I used a long spiral 1/4" bit in a router to route around the edges of the hole for the insert. The hole is slightly smaller than the insert will be.

After cutting part-way through, I broke out the middle part with a chisel so the sawdust wouldn't get trapped in the narrow slot.

Then continuing to route, setting the router about 3 mm deeper with each pass. Towards the end, I had the bit not all the way in the chuck so it stuck out far enough to reach the 41 mm through the table.

It occurred to me cutting this insert hole might be a good application for a CNC router, but it would have to be with a larger bit because cutting this deep with a 1/4" bit isn't a good idea to just let the a CNC do blindly.

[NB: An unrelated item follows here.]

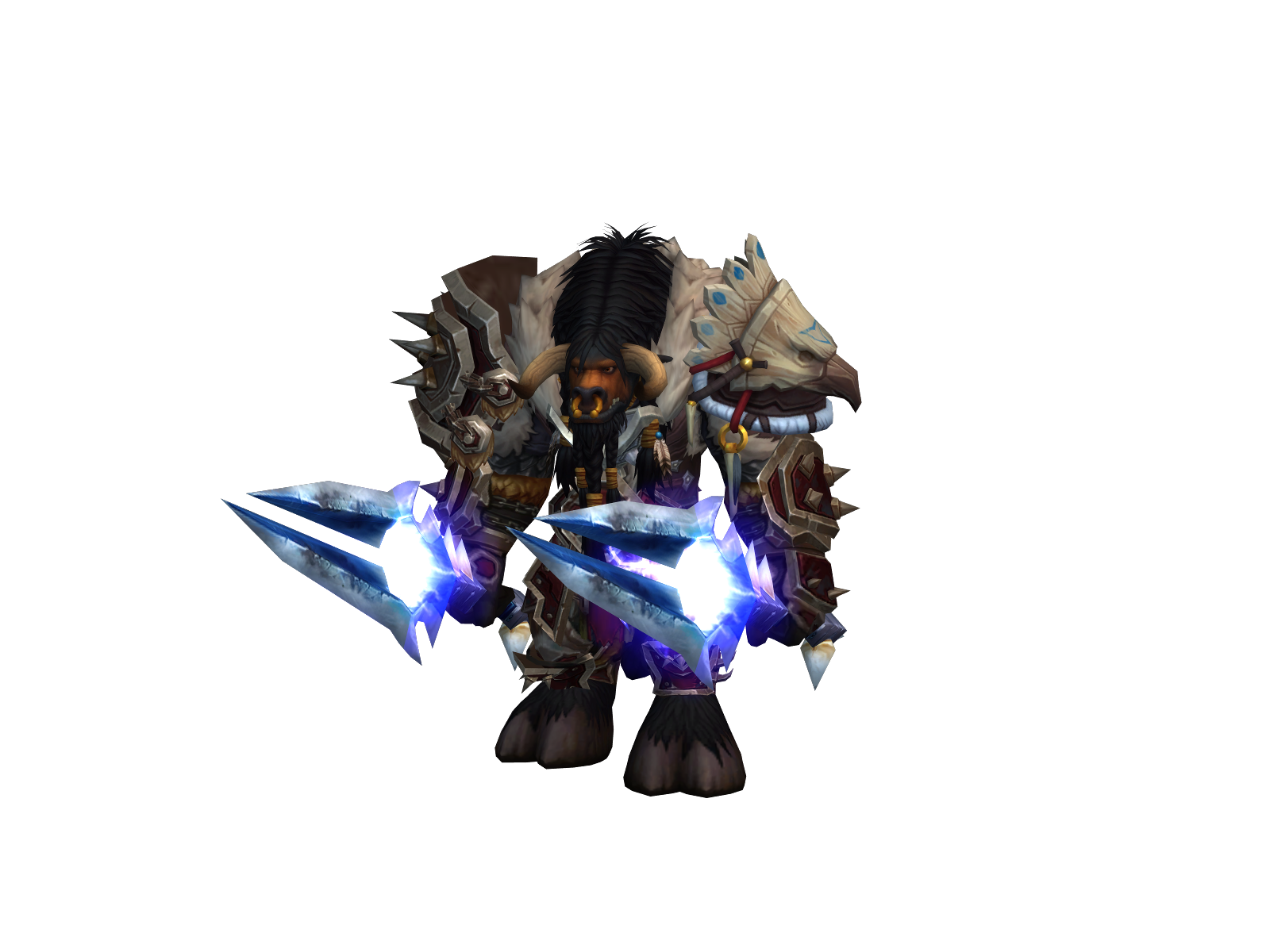 Iracnits 3D character render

After cutting through the wood, I switched the router to a 1/2" bit and, with the same guides, routed just 8 mm deep to make a ledge for the insert.

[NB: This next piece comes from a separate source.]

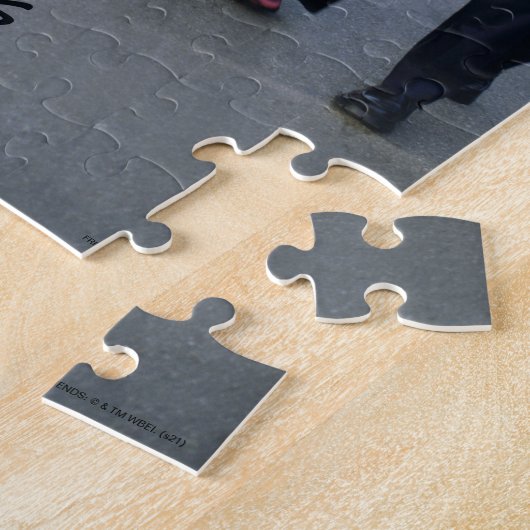 FRIENDS™ | Koppels in formele kleding Legpuzzel (Zijkant)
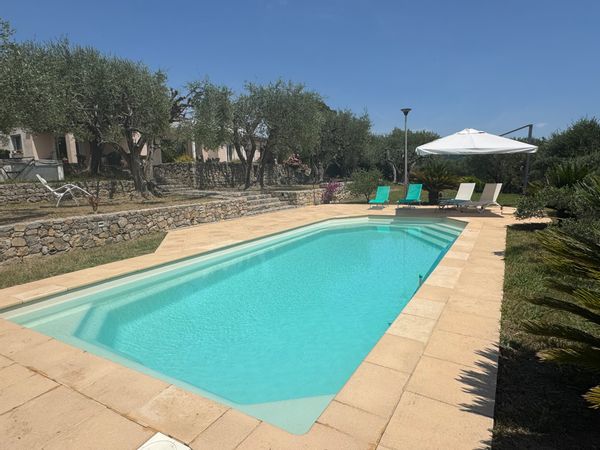 Le paradis des cigales - villa sur la Côte d'Azur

Then cutting in from the side with my table saw to make a slot for getting the bandsaw blade in and out.

With the table loosely placed on the trunnions, I positioned it so that the blade is centered in the hole side-to-side, but towards the back of the hole front-to-back. I just need enough room behind the blade to make sure it doesn't hit the back of the hole. But its useful to have more room front of the blade guides, especially for getting wide blades in and out. For blade changes, the blade needs to pull out of the guides and turn 90 degrees before I can move it through the slot on the side.

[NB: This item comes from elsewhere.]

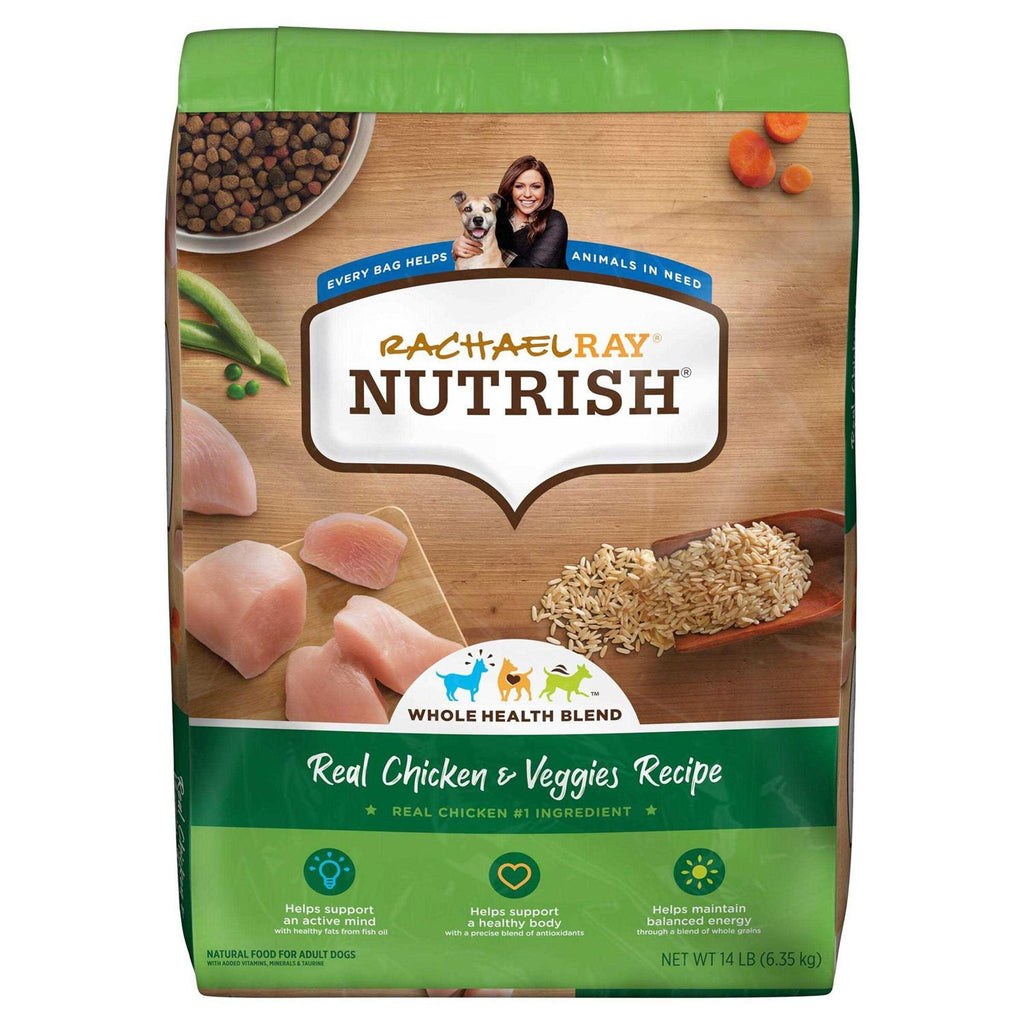 Real Chicken & Veggies Recipe Dry Dog Food K275330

Then marking where the trunnions ended up on the table.

After that I marked a line front to back on the bottom of the table, lined up with the center of the insert hole. I made sure the trunnion was positioned centered on this line and perpendicular to it, and tapped the mounting screws to make divots.

I used those divots to drill small pilot holes for the screws.

Then screwing on the trunnion.

Then the back trunnion. Though I forgot to put the bolts into the trunnion before screwing them on, so I had to take them off again to get the bolt in.

With the table on the bandsaw, I could only tilt it so far before hitting the lower blade guide, so I marked where the blade guide hits.

I cut a corner off the lower blade guide block to make it protrude less.

I also routed a cavity in the bottom of the table where the blade guide hit.

Also cutting a corner off the lower blade guide body. This cut is actually in my bandsaw plans, but I neglected to make it when I made the lower blade guide.

It took about ten iterations of fitting and cutting away more material until I was able to tilt the table fully to 45 degrees.

Of course, I have the shape of that cavity marked in the plans, but it can be better to just see how things fit and make them fit, so I don't end up cutting away more material than necessary.

I then cut out a rectangular piece of baltic birch plywood to serve as an insert. I cut the slot in that one by letting the saw run and sliding it into place. Though it's best to widen the slot a bit where the blade goes through so it won't kink the blade when the table is tilted.

With the bandsaw fully functional at this point, I made some star knobs for the trunnions and the upper blade guide column.

It seems I always made knobs with either three or five points, but when I made these clamps I used some bolts with knobs already on them, and those knobs have four points. I quite liked the feel of the four pointed knobs when turning them, so I changed my knob templates for this saw to be four points instead of five.

Finishing the shape on the sander. I had to switch to a hand held belt sander to sand the inside radius of the knobs, as the rollers on my belt sander were a little bit bigger.

A 14 mm hole was just right for pressing a coupler nut for 3/8" bolts into to make a threaded knob. Threaded knobs are surprisingly expensive to buy, but a coupler nut pressed into a piece of plywood makes a quick, cheap and sturdy threaded knob.

And now my trunnions have nice knobs for locking them.